Church of St Cwyfan is a Grade II listed building in the Gwynedd local planning authority area, Wales. First listed on 19 October 1971. Church.
Church of St Cwyfan
- WRENN ID
- outer-shingle-merlin
- Grade
- II
- Local Planning Authority
- Gwynedd
- Country
- Wales
- Date first listed
- 19 October 1971
- Type
- Church
- Source
- Cadw listing
Description
The Church of St Cwyfan is a parish church built from granite rubble stone with ashlar dressings and slate roofs. It features coped shouldered gables and a west bellcote. The church is designed in the Decorated Gothic style and consists of a three-bay nave, a two-bay chancel with two-step buttresses in each bay, clasping at the eastern angles and diagonal at the western end. It has a raised ashlar plinth. The windows are 2-light with a quatrefoil above, with those in the chancel having hoodmoulds. The west end has a pair of similar windows, while the east end features a large 3-light window with a quatrefoil and trefoils in the heads of the lights, also with a hoodmould above. The ashlar bellcote at the west end houses two bells in cusped pointed openings, with a carved incised cross above. The porch has a pointed arch and a pointed door. The north vestry includes a truncated north stack, an east shouldered-headed doorway, and a north 3-light window with a cusped under a segmental pointed hoodmould.

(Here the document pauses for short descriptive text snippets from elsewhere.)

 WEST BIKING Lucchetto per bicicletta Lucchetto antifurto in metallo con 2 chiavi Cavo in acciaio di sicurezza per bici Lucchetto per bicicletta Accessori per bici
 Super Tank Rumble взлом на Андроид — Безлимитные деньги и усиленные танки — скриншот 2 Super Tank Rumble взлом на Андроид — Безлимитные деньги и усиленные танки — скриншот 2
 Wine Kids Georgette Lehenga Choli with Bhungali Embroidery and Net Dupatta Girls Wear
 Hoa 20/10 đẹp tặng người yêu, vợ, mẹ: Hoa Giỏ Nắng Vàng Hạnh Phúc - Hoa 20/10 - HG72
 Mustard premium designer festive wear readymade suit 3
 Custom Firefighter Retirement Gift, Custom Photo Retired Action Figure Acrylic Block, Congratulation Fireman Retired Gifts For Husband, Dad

Inside, the walls are plastered and whitewashed, with exposed ashlar dressings. The nave has deep arch-braced collar trusses with wishbone struts over the collars, while the chancel features straight-braced collar rafters. There is a moulded ashlar pointed chancel arch on moulded corbels, and a moulded low segmental pointed arch leading to the vestry, which is blocked by an organ. The east window has a hoodmould, and the chancel floor is paved in black and white.

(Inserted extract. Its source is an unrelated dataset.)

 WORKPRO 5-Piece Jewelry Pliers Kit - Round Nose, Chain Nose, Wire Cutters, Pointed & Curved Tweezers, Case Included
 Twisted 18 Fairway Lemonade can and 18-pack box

Timber fittings designed by Scott include pitch pine pews, stalls, a reading desk, rails, and a panelled pulpit. The ashlar font, also by Scott, is octagonal with inset carved panels and a quatrefoil shaft. There is a later 19th-century organ in a simple Gothic case.

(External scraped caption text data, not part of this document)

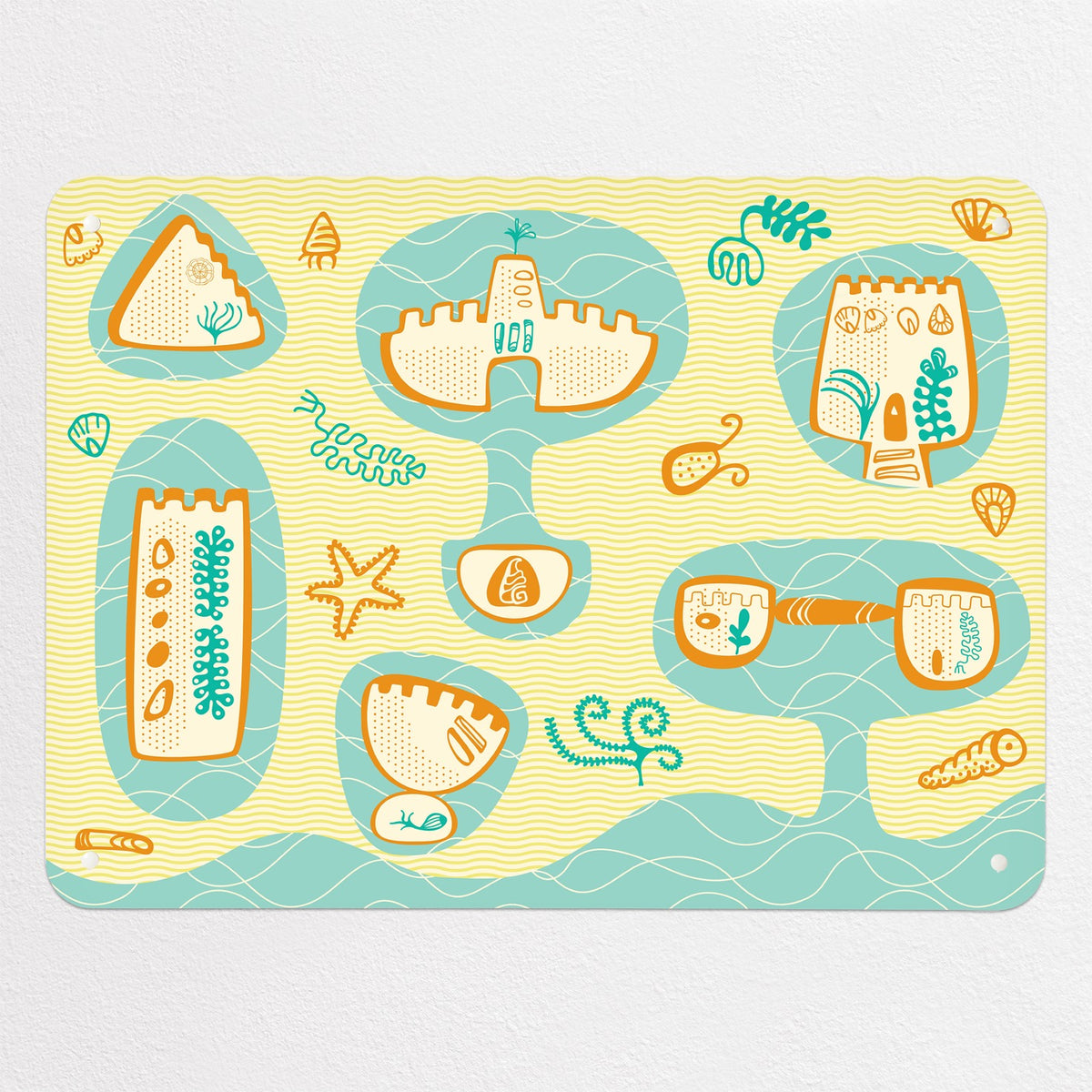 Sandcastles magnetic notice board, medium size, 75 × 55 cm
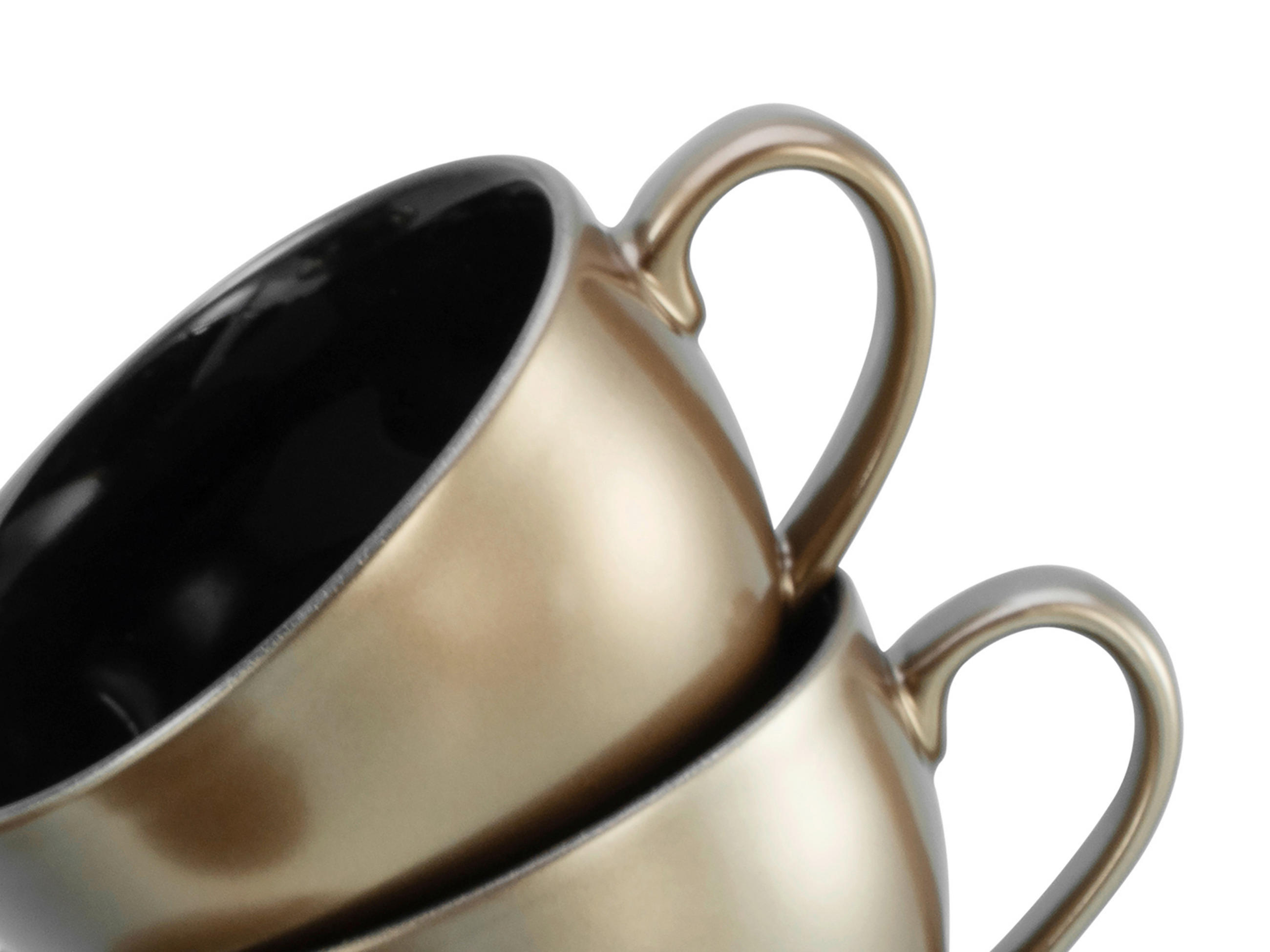 CAPPUCCINOKOPP MED FAT Golden Days Schwarz    - svart/guldfärgad, Basics, keramik - Creatable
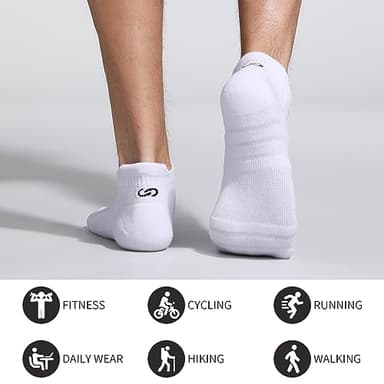 Lapulas Athletic Ankle Socks, Low Cut Cushioned Anti-Blister Running Tab Sports Socks for Men and Women 6Pairs (White, L) - Image 7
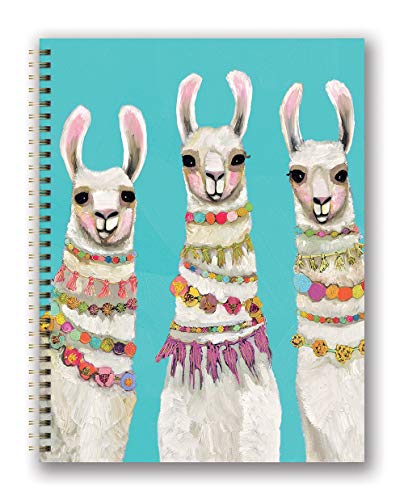 Studio Oh! Extra Large Hardcover Spiral Notebook Available in 6 Designs, Eli Halpin Boho Llamas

Memorials in the church include a brass plaque for Laura Wynne who died in 1851 and a neo-Jacobean plaque for Major J S Wynne Finch who died in 1906. The stained glass in the chancel east window is a 3-light depiction of the Resurrection by Clayton & Bell from 1906, dedicated to C A Wynne Finch of Voelas and Cefn Amwlch, along with three 2-light windows on the chancel sides of the same date by the same firm. In the vestry, there is a seating plan by G G Scott.